Wintrust Financial Corporation Cash Incentive and Retention Award Agreement
Exhibit 10.3
Wintrust Financial Corporation
Cash Incentive and Retention Award Agreement
(Minimum Payout Amount: Par Plus 91-Day T-Xxxx Rate)
Cycle I (2008-2012)
[Award Date]
Wintrust Financial Corporation
Cash Incentive and Retention Award Agreement
Cash Incentive and Retention Award Agreement
(Minimum Payout Amount: Par Plus 91-Day T-Xxxx Rate)
THIS AGREEMENT, effective as of [award date] represents the grant of a long-term cash
incentive and retention award (“CIR Award”) by Wintrust Financial Corporation (the “Corporation”),
to the Participant named below, pursuant to the provisions of the 2008 Long-Term Cash Incentive and
Retention Plan (the “Plan”) or any amended or successor plan thereto. The cash payout ultimately
earned and paid, if any, for this CIR Award will be determined pursuant to Section 3 of this
Agreement.
This Agreement is an Award Agreement as contemplated by the Plan, the terms and provisions of
which are incorporated herein by reference. All capitalized terms will have the meanings ascribed
to them in the Plan, unless specifically set forth otherwise herein. The parties hereto agree as
follows:
1. Grant Information. The individual named below has been selected to receive a long-term CIR
Award as specified below:
(a) Participant: | ||||
(b) Target CIR Award: | $ | |||
(c) Performance Measure: | Earnings per share (“EPS”) |
2. Performance Period. The performance period commences on January 1, 2008, and ends on
December 31, 2012 (“Performance Cycle”).
3. Performance Grid; Calculation of CIR Award.
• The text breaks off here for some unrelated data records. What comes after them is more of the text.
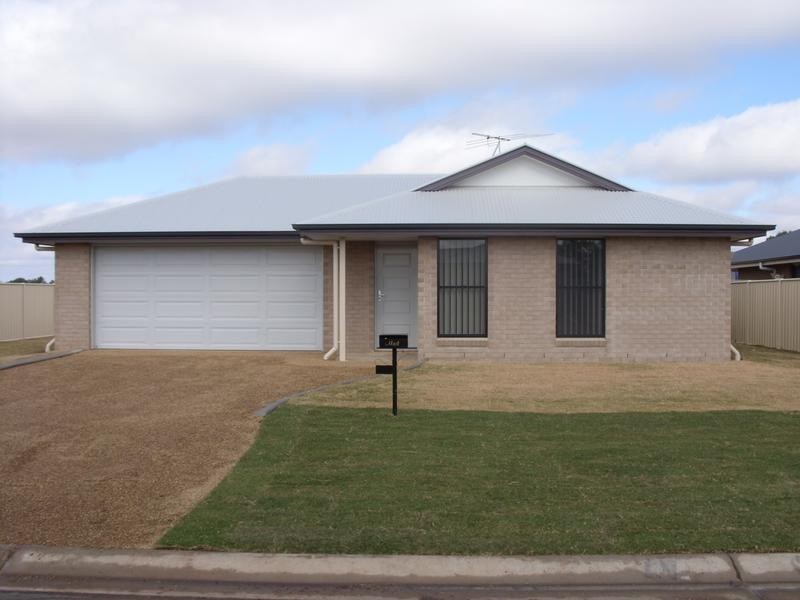 4 Keys Place, Dalby QLD 4405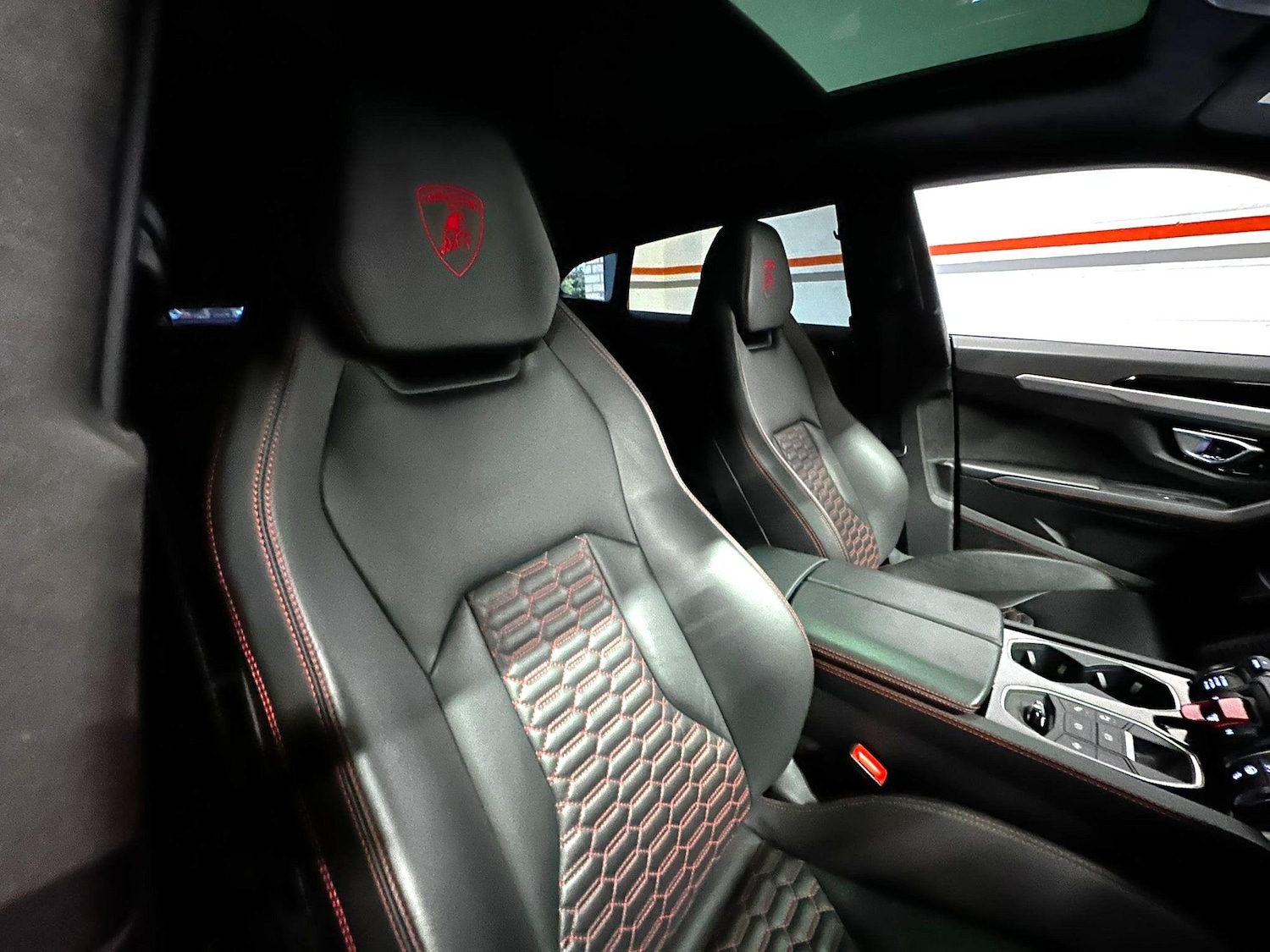 Used Lamborghini Urus for sale - 76994144: Photo 21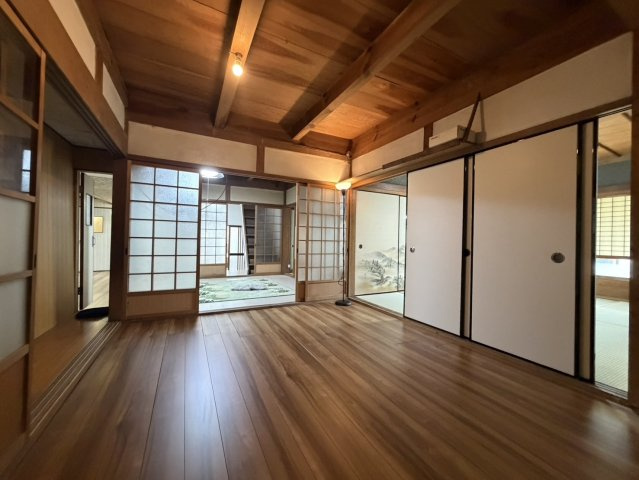 ペディハウス加西市玉野町の居間・リビング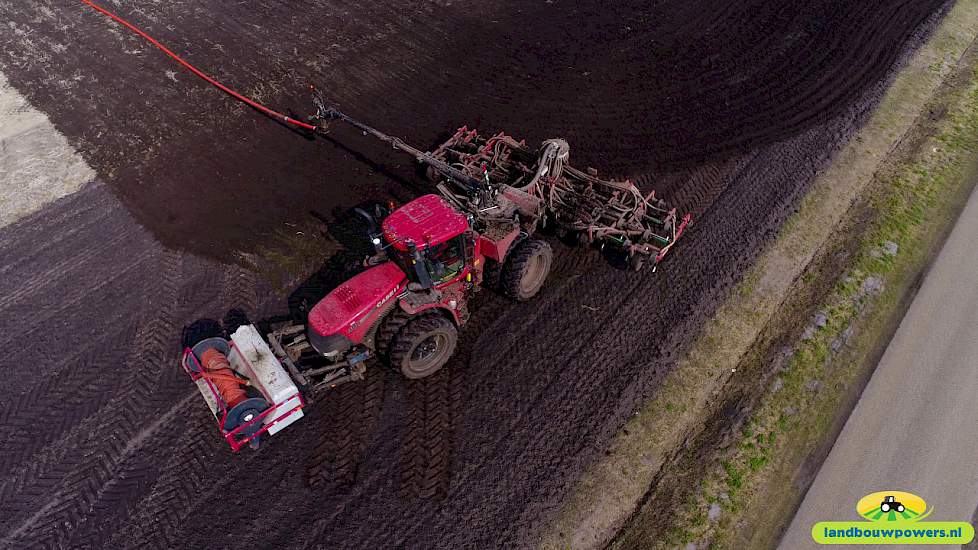 Case IH Steiger 400 van loonbedrijf H. van Oosten aan het sleepslangen op bouwland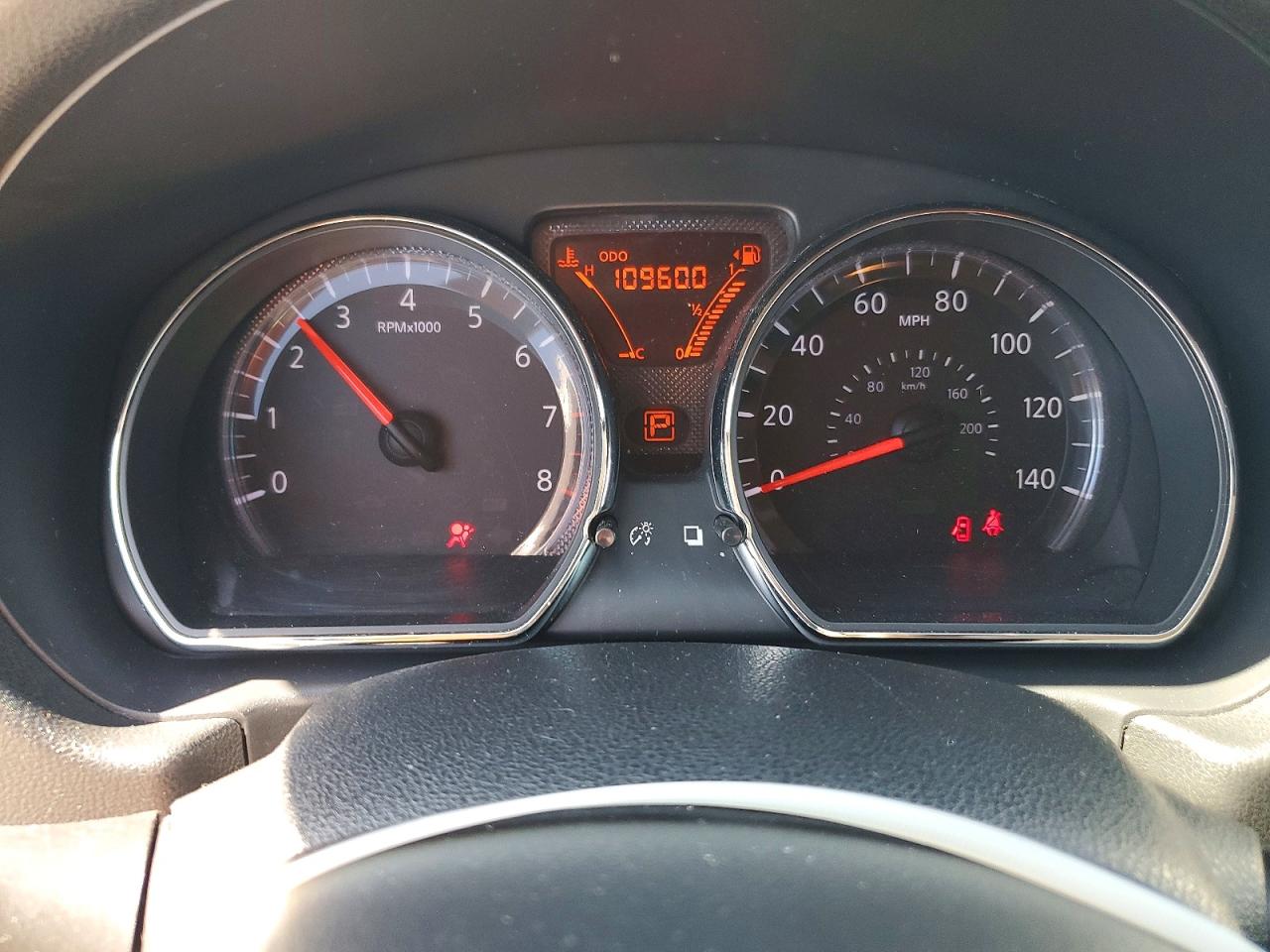 2014 NISSAN VERSA 1.6 SV photo 25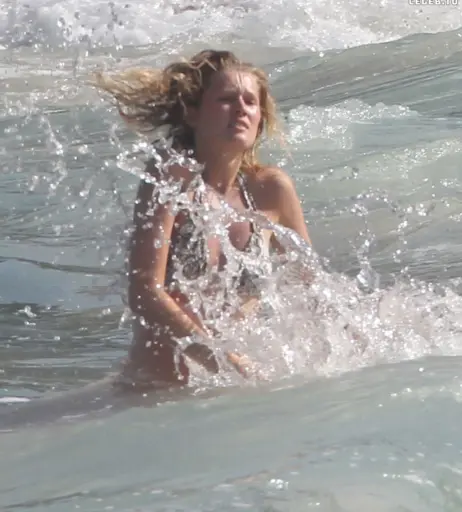 Image 1940070 from Toni Garrn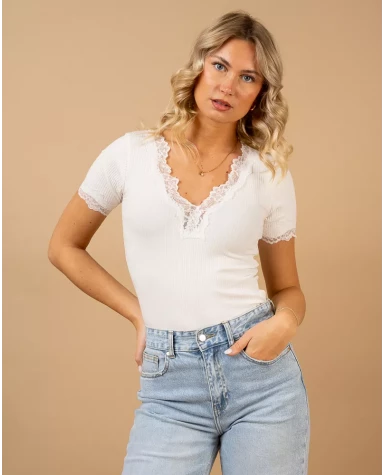 T-shirt dentelle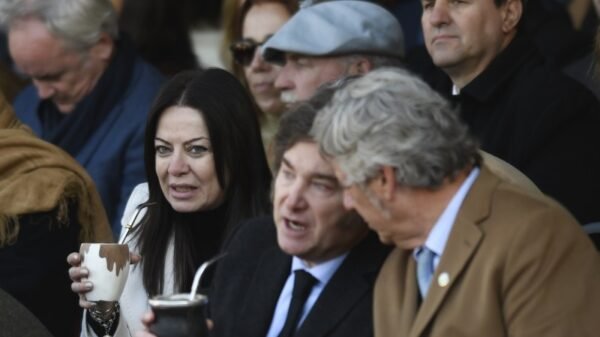 pettovello-falto-a-la-reunion-de-gabinete-por-la-tension-con-santiago-caputo
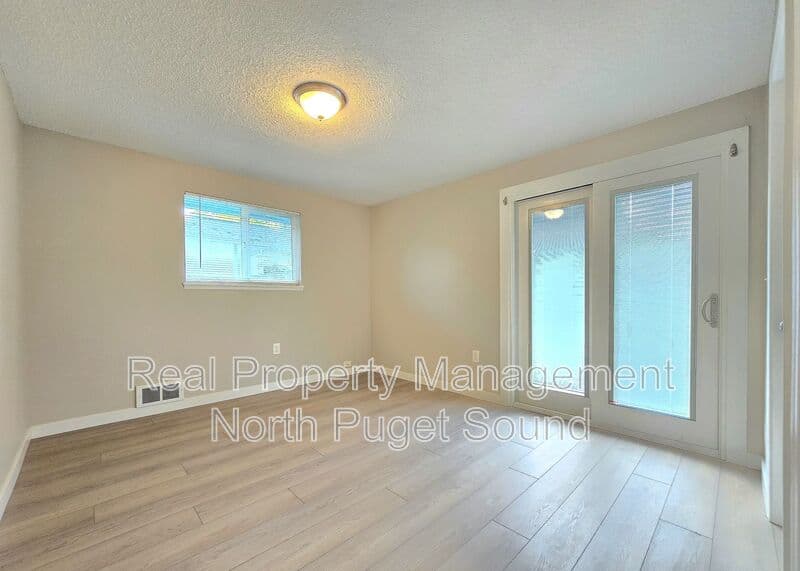 Gold Bar House: 236 7th St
The CIR Award earned by the Participant who
remains continuously employed by the Corporation or any Subsidiary from the date of this Agreement
through the last day of the Performance Cycle will be equal to the Target CIR Award amount set
forth above, multiplied by the “Multiple” determined in accordance with the Performance Grid set
forth on Appendix A attached hereto, subject to a maximum amount equal to the Maximum CIR Award
Amount set forth on Appendix A and a Minimum Payout Amount reflecting a retention credit percentage
(“RC%”) as set forth on Appendix A. For example, if the sixty (60) month cumulative earnings per
share at the end of 2012 is $18.00, the Participant will earn one-hundred eighty percent (180%) of
the Target CIR Award amount as set forth in Section 1(b) of this Agreement.
The amount of CIR Award earned will be determined after the conclusion of the Performance
Cycle by the Compensation Committee of the Board of Directors (the “Committee”), in its sole
discretion, based on the performance of the Corporation, calculated using the Performance Grid.
Earned CIR Awards will be paid in accordance with Section 5 below.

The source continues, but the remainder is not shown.